5) Ihsahn, Arktis. (Candlelight Records)
I never know exactly what to expect from an Ihsahn record except that it’s a.) probably going to have terrible album artwork, b.) that I’m going to be left scratching my head for the first few spins trying to make sense of things, and finally c.) that I’m eventually going to be blown away by the offering. Arktis. is, in a way, the culmination of his past five albums. There’s so much that is familiar, but the record is still full of surprises – and to me, that’s the difference between experimentation and true artistry. It’s unnerving, it’s beautiful, and could’ve only come from one place.
4) Astronoid – Air (Blood Music)
It’s invigorating, exhilarating, and uplifting. I’ve played the hell out of this record, so it must be love. Not to mention, it’s a super easy listen because Air’s 50 minutes only feel like 20, so it’s easy to hit the repeat. Again. And again.
3) Deftones, Gore (Reprise Records)
Despite the hullabaloo about certain band members not being “interested,” this is the band’s most complete release this decade. They’re still bringing new ideas to the table (“Doomed User” has the raunchiest riff in band history), the grooves are as weird and catchy as ever, the samples and electronics are the best they’ve ever been, and in doing such they’ve struck the perfect balance of beauty and beast. This would be an AOTY contender just about any other year.
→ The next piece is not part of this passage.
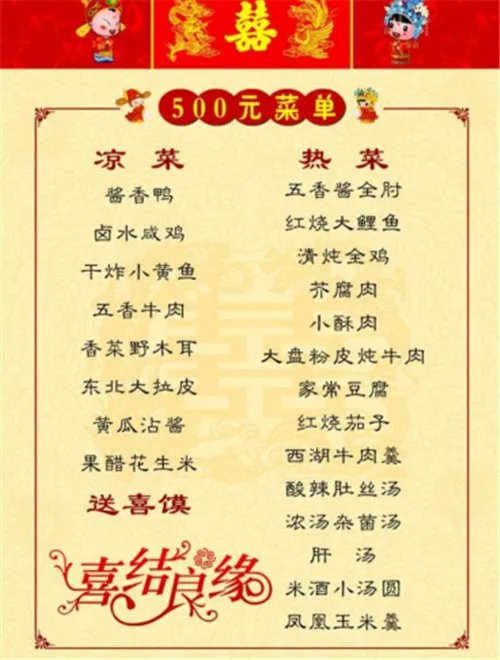 婚宴菜单名字有什么寓意 如何给婚宴菜单取名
2) Vektor, Terminal Redux (Earache)
Black Future and Outer Isolation both made me lose my mind. They changed the way I view thrash. Those records alone pretty much eliminate any need to listen to any of the big four ever again. Vektor makes those guys sound older than they do each time they put out a new record (ouch!). Somehow, some way, Terminal Redux has taken the band to some other dimension of thrash. This is faster, more technical, and more progressive than their previous efforts, as if that was even somehow possible. If that wasn’t enough, the improved production and melodic threads make this a classic.
1) Cobalt, Slow Forever
This was my most highly anticipated release since Erik Wunder announced work was being made on a new album, and that got ramped up even further when I heard about the addition of Charlie Fell. Simply put, it lives up to every ridiculous expectation I could’ve made. Fell exceeds the voracity and utter repulsivity of previous vocalist Phil McSorley, he’s a perfect fit. Wunder has an innate ability to write the rawest-sounding and aggressive songs without resorting to recording 30-second grind songs in a shitty basement somewhere. He understands dynamics and structure, and he knows how to tap into whatever sort of magic that is that makes this record sound like the unpredictability of a dog bite. It is nothing short of spectacular, in a vicious and primal sort of way, using the darkest and grimiest aspects of everything from country, punk, alternative metal, sludge, you name it, it’s in there. This is all-encompassing and disgustingly sinister headfuckery.